Die Geschichte der Tageszeitung "France Soir", früher die Starzeitung des berühmten Journalisten Pierre Lazareff, ist abwechslungsreich. 1949, als sie noch über eine Million Exemplare verkaufte, war sie von der mächtigen Hachette-Pressegruppe gekauft worden, wurde aber 1976 von der "Socpresse" ("Le Figaro" und andere) des Pressemagnaten Robert Hersant erworben, der aus ihr eine populäre Boulevardzeitung nach dem Vorbild von "Bild" in Deutschland machen wollte. Es gelang ihm jedoch nicht, und "France Soir" wurde vor der Pleite von der italienischen "Poligrafici Editoriale", der Nummer drei der italienischen Presse, gerettet. Schließlich geriet sie 2004, als sie nur noch eine Auflage von 64000 Exemplaren hatte, für zirka 27 Millionen Euro in die Hände von "Montaigne Press", der Pressegruppe von Ramy Lakah, die ihren Erwerb erst nach ernsthaften juristischen Streitigkeiten in einem gerichtlichen Vergleichsverfahren in den letzten Monaten bestätigt bekommen hat.

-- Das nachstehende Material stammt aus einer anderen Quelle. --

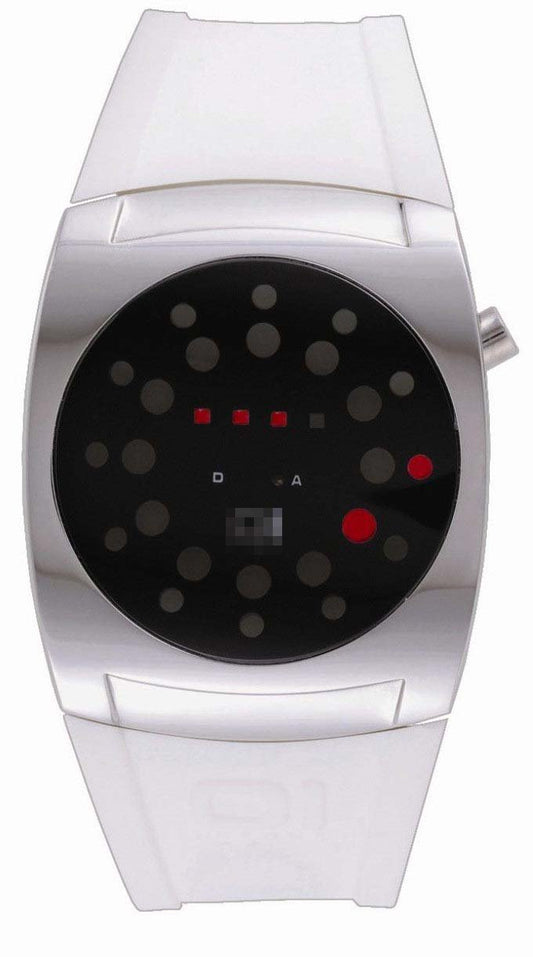 Customized Rubber Watch Bands LL102R3WH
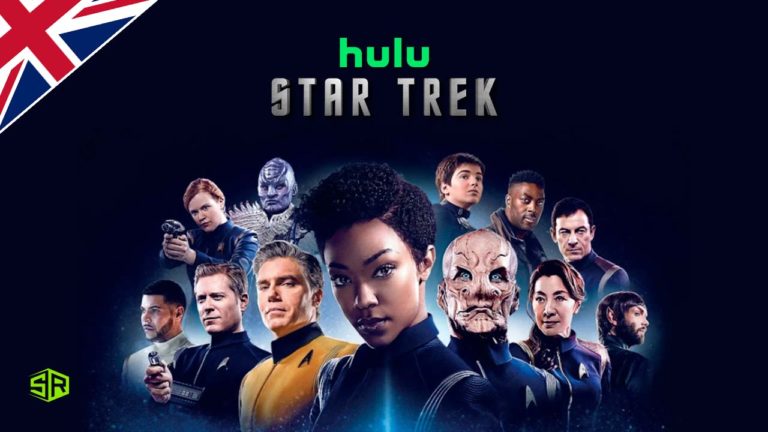 How to Watch Star Trek Movies on Hulu in UK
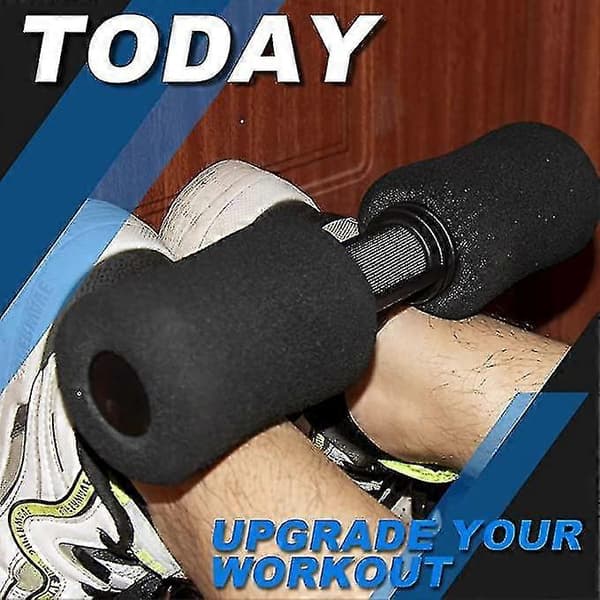 Nordisk Hamstring Curl Stropp Med Justerbar Stropp, Hamstring Strekker Med Polstret Ankelstang, for Hamstring Curls, Spanske Knebøy og Ab Workout For H
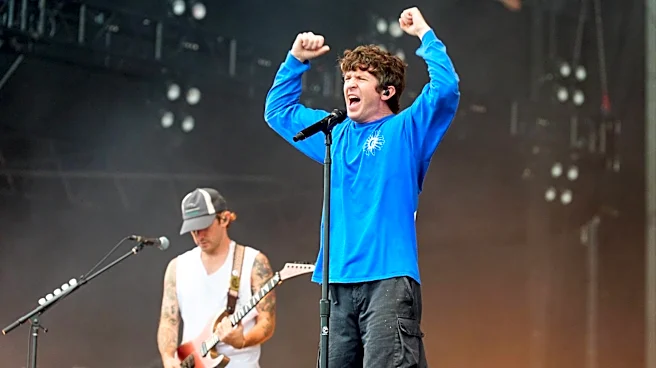 Turnstile Announce Free Washington Monument Show for Charity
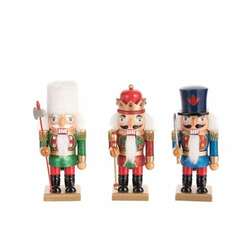 Item 501761 Short Stack Nutcracker Figure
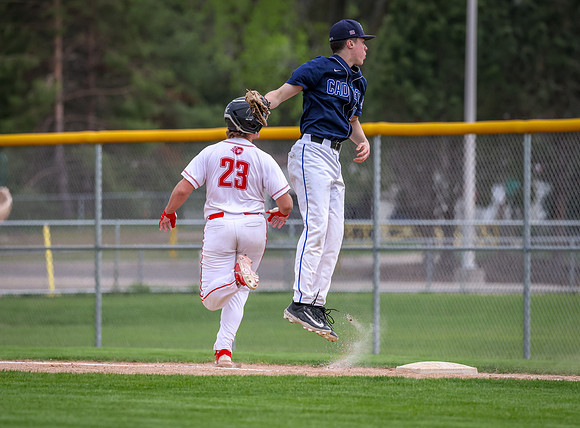 Centennial vs Saint Thomas Academy JV Baseball 307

Im September 2005 hatte Ramy Lakah selbst seinen Posten als Geschäftsführer der Zeitung dem Krisenmanager Lefranc übergeben.
Vor kurzer Zeit hat die Chefredakteurin Valérie Lecasble die Flinte ins Korn geworfen. Die Auflage ist inzwischen unter 40000 gesunken, und die Zeitung wird aufgrund eines Streites mit einer Druckerei nicht mehr in Südfrankreich vertrieben.
Die immerhin 120 Mitarbeiter der Redaktion sind wegen der Disziplinarmaßnahme des Eigentümers in Streik getreten, und das Schicksal von "France Soir" ist ungewisser denn je. Aber die Zeitung kann von der öffentlichen Entrüstung über die moslemische Intoleranz und von der Solidarisierungswelle in den französischen Medien profitieren. Eine Schnellumfrage übers Internet machte deutlich, daß 85 Prozent die Entscheidung von Ramy Lakah nicht gutheißen. Fragt sich, wie lange der Widerstand gegen eventuelle Pressionen der Regierung halten wird, die ihre "arabische Politik" wie ihren Augapfel hütet. Immerhin wird die arabische Welt jetzt näher unter die Lupe genommen, und der Unterschied zu unserer Kultur wird deutlicher: "In der arabischen Welt steht die Religion im Mittelpunkt, die Gemüter sind äußerst reizbar, und das Unglück kommt immer von draußen. Die Karikaturenaffäre beinhaltet alle diese Ingredienzien", schreibt Pierre Prier in "Le Monde".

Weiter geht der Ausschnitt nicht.